British missionary society

The Society for the Propagation of the Gospel in New England (also known as the New England Company or Company for Propagation of the Gospel in New England and the parts adjacent in America) is a British charitable organization created to promote Christian missionary activity among the Native American peoples of New England and other parts of North America under British control. The company's current website states that "the New England Company can lay claim to being the oldest missionary society still active in Britain." The records of the New England Company, now held at London Metropolitan Archives, tell the history of colonial America and its Indigenous peoples.

It was founded by the Act for the promoting and propagating the Gospel of Jesus Christ in New England, passed by Oliver Cromwell's Parliament on 27 July 1649. That Act set up a Corporation in England, consisting of a President, a Treasurer, and fourteen people to assist them. This corporation had the power to collect money in England for missionary purposes in New England. This money was received by the Commissioners of the United Colonies of New England and dispersed for missionary purposes. The official name of the corporation was "The President and Society for the propagation of the Gospel in New England".

Following the restoration of the English monarchy, the Society was granted a Royal Charter by Charles II in 1662. That charter provided for the promotion and propagation of "the Gospel of Christ unto and amongst the heathen natives in or near New England and parts adjacent in America". The Society was engaged in protestantism and colonization in Restoration politics.

The Society operated within the territory of what is now the United States from 1649 to 1786, sending both missionaries and teachers to New England and later also to Virginia and New York. Due to the independence of the United States from Great Britain, after 1786 the Society continued to operate only in Canada and the British West Indies.

The Society supported the early efforts of John Eliot in Massachusetts, culminating in the first printed translation of the Christian Bible into a Native American language. The corresponding book, known as the "Eliot Indian Bible", was published in 1663 in the Massachusett language. The Society also played a critical role in funding and supporting institutions that sought to educate Native Americans, including the Harvard Indian College and later Dartmouth College.
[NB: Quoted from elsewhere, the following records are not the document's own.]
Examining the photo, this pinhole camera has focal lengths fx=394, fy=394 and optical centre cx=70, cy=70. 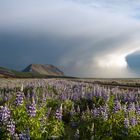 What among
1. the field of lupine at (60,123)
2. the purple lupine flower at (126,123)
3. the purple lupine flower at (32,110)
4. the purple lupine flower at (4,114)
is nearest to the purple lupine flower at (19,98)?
the field of lupine at (60,123)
The first president of the Society was the eminent Anglo-Irish scientist Robert Boyle (1627–1691). Boyle, who had no direct descendants, stated in his will that his legacy should be dedicated to "the Advance or Propagation of the Christian Religion amongst Infidells". After a prolonged dispute among his executors it was decided that the legacy would be used to purchase Brafferton Estate in Yorkshire, and that the proceeds of that estate would be used to pay "a rent-charge in perpetuity of £90 per annum unto the Company for Propagating the Gospel in New England".